# Radial Arm Saw Safety Thread (not an oxymoron!)



## BusterBrown (Jun 6, 2013)

I picked up an old RAS (Sawsmith) awhile back in an ill-fated attempt to build a shop around a single tool. Its since been relegated to crosscutting but I remain intrigued with its potential for other tasks. While there is a wealth of information out there on table saws (e.g. use this jig, stand here, put your hand there, etc.), I've found very little for the RAS. I'm starting this thread so RAS owners can exchange information on how they use their saw and how they make the operation(s) safe.


----------



## BusterBrown (Jun 6, 2013)

*Good tune-up video*

I've searched far and wide for RAS videos on YouTube. So far, I've found a couple of gems like this and a few videos that seem to be good examples of what not to do (i.e. this and this).


----------



## BusterBrown (Jun 6, 2013)

*Horizontal sawing?*

From R.J. DeCristoforo's Fun with a Saw:










Would you do this? Why or why not? If so, what jigs, techniques, precautions, etc. would you use to make it safe?


----------



## Smitty_Cabinetshop (Mar 26, 2011)

Buster, good thread indeed.

-The back fence of my '58 DeWalt MBF was little more than a piece of plaster lath when I bought the saw. Well, one 'catch' and the piece I was cross-cutting blew through that fence and hit the wall, scaring the bejeezus out of me. Replaced it with thicker stock, and raised the height of that piece to make it a better piece to register stock against. No problems since.


----------



## BusterBrown (Jun 6, 2013)

*Use as a drum sander?*

Also from Fun with a Saw:










This is a great example of how'd I'd like to expand the use of my RAS. I don't see myself buying a dedicated drum sander anytime soon but can imagine a few cases where the functionality would be useful. Would you do this on your RAS? Why or why not? What are the safety considerations?


----------



## mastersus (Aug 16, 2013)

I find it perplexing when I read quotes from people saying things like - I would only use a radial arm saw for cross cutting, I've read stories of lost finger and worse if ripping. So lets clear the air first on what a radial arm saw is both capable and safe to use for. I have my DeWalt 1201 set up for cross cutting, ripping, moulding, cove cutting, compound mitres, vertical>horizontal and all cuts in between. I've ripped everything from 1" plywood to 1/8" hardboard, 2 3/4" thick pine to some pretty hard sycamore, with and without the riving knife in place (depends if I think the wood I'm cutting will warp or twist) all without incident at least not incidents that couldn't be handled.
Radial arm saws are safe, nervous operators are not, kickback is not a preserve of radial arm saw, the worst damage I've seen was from a guy, using a saw bench, feeding a long plank of yellow pine, which caught the blade when he was walking round the back to pull it off the saw table, shot out and broke a mans jaw, who was working on a bench 40 feet from the saw. Obviously not so much a nervous operator, more a cocky one, but the message is the same, it's not the machine that causes the problem, it's who's operating it.

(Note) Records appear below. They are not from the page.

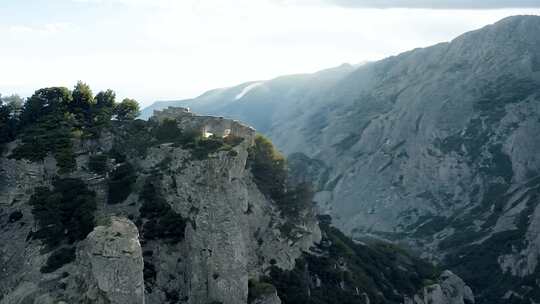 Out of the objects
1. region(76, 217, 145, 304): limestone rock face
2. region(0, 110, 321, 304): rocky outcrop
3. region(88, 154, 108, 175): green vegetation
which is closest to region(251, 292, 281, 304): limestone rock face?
region(0, 110, 321, 304): rocky outcrop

My saw is fitted with kick back prevention fingers, exit cut hold down bar and a riving knife, top and bottom guards, the latter I removed because it would catch on the wood in certain circumstances making it unsafe. I change the blade (depending on material to be cut) from a 10" combination (mostly crosscut) to an 8 > 9" rip blade for ripping procedures in real wood (composites don't warp or twist therefore it's the operators fault should anything go wrong) One other thing my machine is fitted with is an overload switch (I don't know about other machines) but if there's any twist or warp of the wood being cut and the operator stands firm with the wood, the overload switch will cut in, every time, and stop the saw. Other than this, obvious precautions like where you put your hands in relation to the spinning blade, those with the experience among us should perhaps think of those things we automatically do or don't do before putting blade to wood, wood to blade and pass these on to the less experienced…what do you think?

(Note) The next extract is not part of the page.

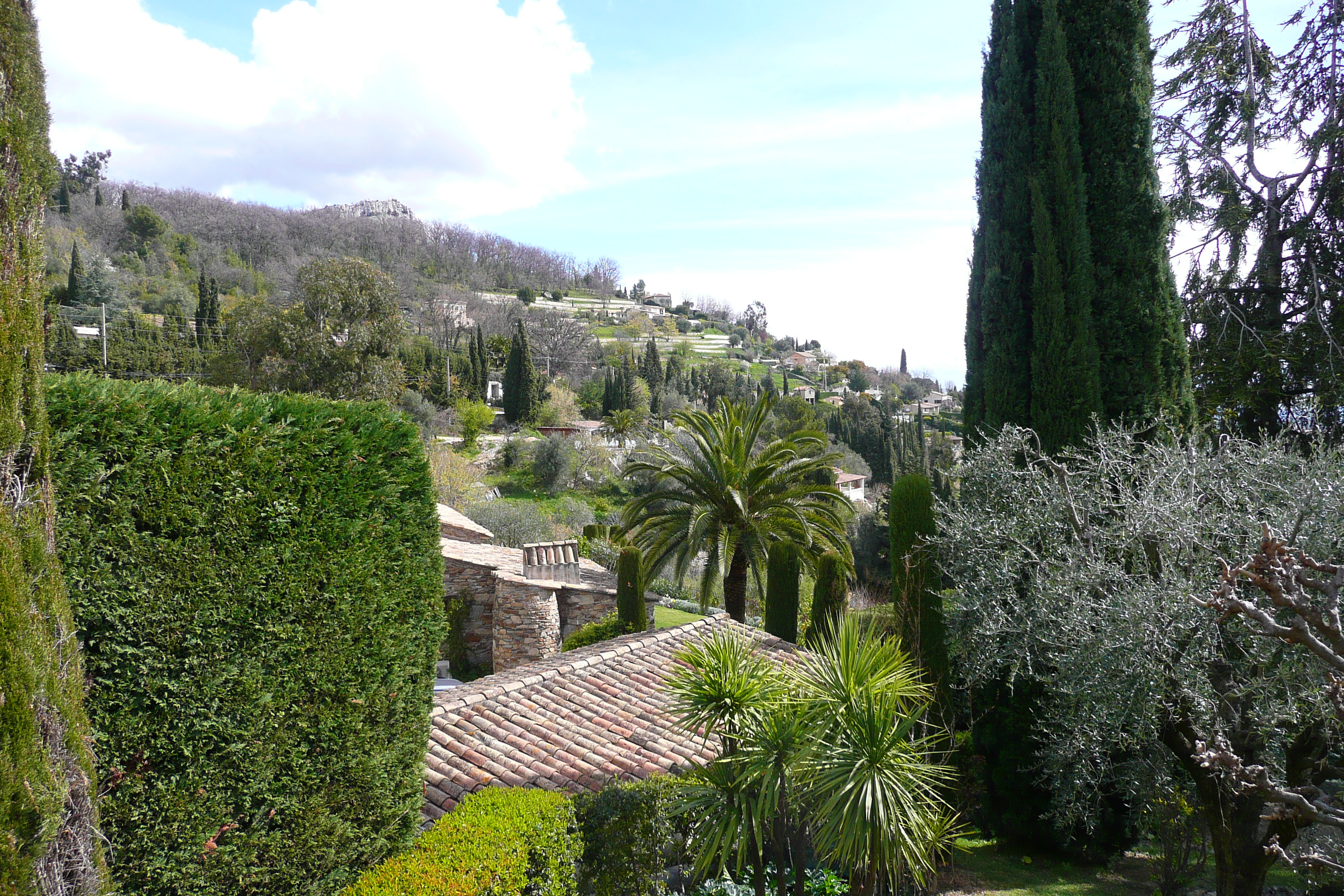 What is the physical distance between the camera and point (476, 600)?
540 inches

Out of the box thinking, much surprisie can provide…my old padawan


----------



## BusterBrown (Jun 6, 2013)

Yes, experience of the 'old masters' is invaluable. When I first got my Sawsmith, two of the first references I consulted were the manual and Fun with a Saw. They're both well written and informative but like other materials of their vintage, they assume more of the reader than contemporary sources do. While I enjoy the challenge of thinking through things rather than following pedantic instructions, it's also good to know you've got something exactly right when working with a powerful saw. The folks who've safely used RAS for years are doing a lot of little things right and it's my hope that we can share and capture that knowledge here.


----------



## MrRon (Jul 9, 2009)

I used to have a Sawsmith. I used it to rip and crosscut and route. I made tongue and groove joints on 16' long 2×6's for a flat roof repair, about 60'. It worked just fine. I sold it about 30 years ago, but recently acquired another RAS. I've used all kinds of saws including swing saws (very scary saw). I am comfortable around all saws, because I respect them and what they can do.Timid people should not use saws.


----------



## joeyinsouthaustin (Sep 22, 2012)

Another who started around them, and recently came back to the fold. Don't think I will be ripping with it, but that has a lot more to do with the saws sitting right next to it. Thanks to the kind LJ who gave it to me, it came with a big disc sanding attachment that may get some use. But mostly it will sit as a finely tuned crosscut saw in my lumber milling station. and that will be just fine, and as safe as the operator running it.


----------



## BusterBrown (Jun 6, 2013)

MrRon, how did you route the tongue and groove joints? Was the router bit placed to the side of the workpiece or above it? Did you use any clamps or guides? As I understand it, when ripping, danger comes from the blade grabbing the workpiece and launching it like a projectile. Is that a concern with routing as well?


----------



## fredj (Jun 4, 2013)

I agree with the comment that the operator has more to do with the safety of a machine than the machine. However some machines are safer than others for certain tasks. I would not rip on a RAS, as I see doing so on a TS to be safer. I'm sure there are many home workshops where the RAS is used for a multitude of tasks, and safely. In all the years I've earned a living in woodworking, working in a number of different shops and plants, making everything from machine parts to high end custom furniture, only once have I seen a RAS used for ripping, and the day it took three fingers off a man's hand, it never ripped again. Note that there is no guard on the saw in the pic where it is making a horizontal cut. Not legal any more and for good reason. I think routing would be the same as using almost any overhead router, sanding fine as well. One downside of the RAS is that it has so many articulating parts, which can lend itself to not staying in close tolerance adjustments. Even small RAS which is what a compound miter saw amounts to, have more than enough power to clime over the work piece and cause an injury. A co-worker nearly lost an arm to CMS. But in a one man shop, these issues are somewhat lessened. Good luck, and remember to never let your fingers leave your hands.


----------



## hairy (Sep 23, 2008)

I picked up a beauty of a 1959 De Walt AMF 925 Powershop radial arm saw about 10 days ago. Craigslist has been very good to me. It's not set up yet, but I'm working on it. I regretted selling the Delta Model 10 that I had.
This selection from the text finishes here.